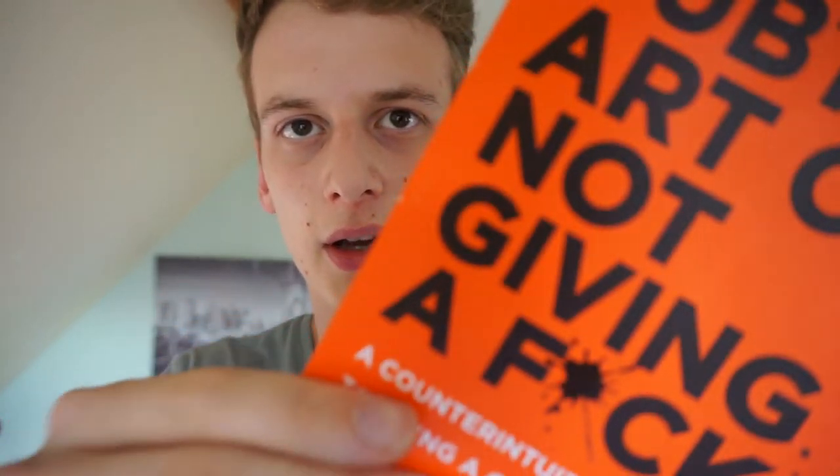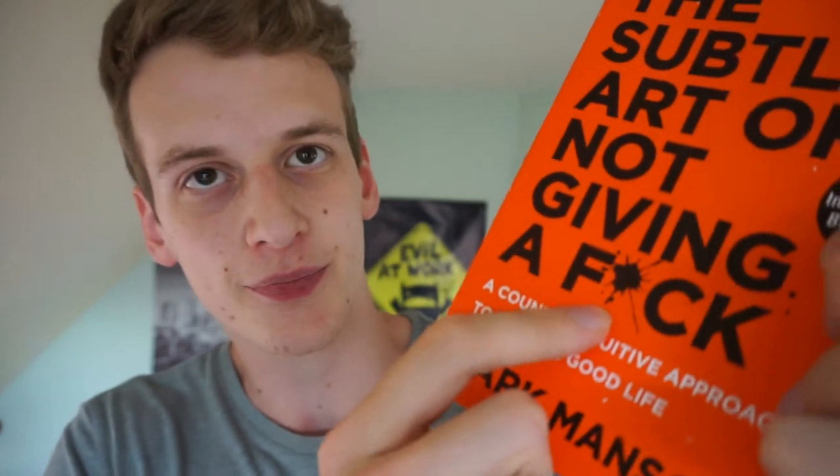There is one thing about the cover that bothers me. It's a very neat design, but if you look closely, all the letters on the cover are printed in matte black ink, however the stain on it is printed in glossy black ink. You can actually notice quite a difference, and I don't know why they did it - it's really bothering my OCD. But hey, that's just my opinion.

==

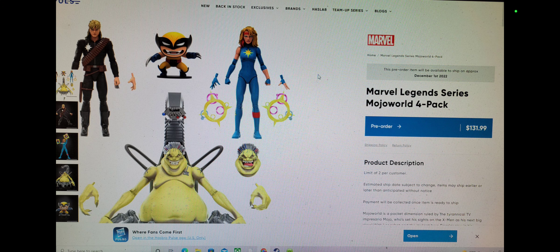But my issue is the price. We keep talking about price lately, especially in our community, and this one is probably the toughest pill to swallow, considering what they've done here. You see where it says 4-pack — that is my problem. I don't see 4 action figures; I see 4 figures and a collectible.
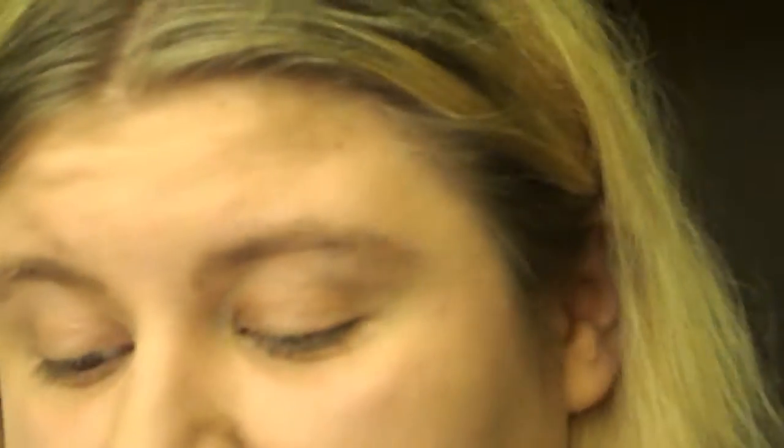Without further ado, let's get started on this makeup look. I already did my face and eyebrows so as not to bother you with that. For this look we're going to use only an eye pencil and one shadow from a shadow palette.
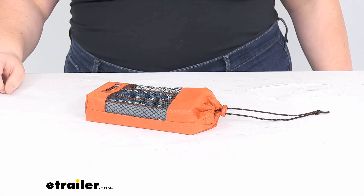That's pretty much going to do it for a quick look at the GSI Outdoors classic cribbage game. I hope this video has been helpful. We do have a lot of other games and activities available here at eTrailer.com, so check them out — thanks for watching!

* WORK INSTRUCTIONS
Reproduce the data above exactly, but only from the line containing "But my issue" through the line containing "That's pretty much"; skip the pictures.

* SOLUTION FOR THIS TASK
But my issue is the price. We keep talking about price lately, especially in our community, and this one is probably the toughest pill to swallow, considering what they've done here. You see where it says 4-pack — that is my problem. I don't see 4 action figures; I see 4 figures and a collectible.
Without further ado, let's get started on this makeup look. I already did my face and eyebrows so as not to bother you with that. For this look we're going to use only an eye pencil and one shadow from a shadow palette.
That's pretty much going to do it for a quick look at the GSI Outdoors classic cribbage game. I hope this video has been helpful. We do have a lot of other games and activities available here at eTrailer.com, so check them out — thanks for watching!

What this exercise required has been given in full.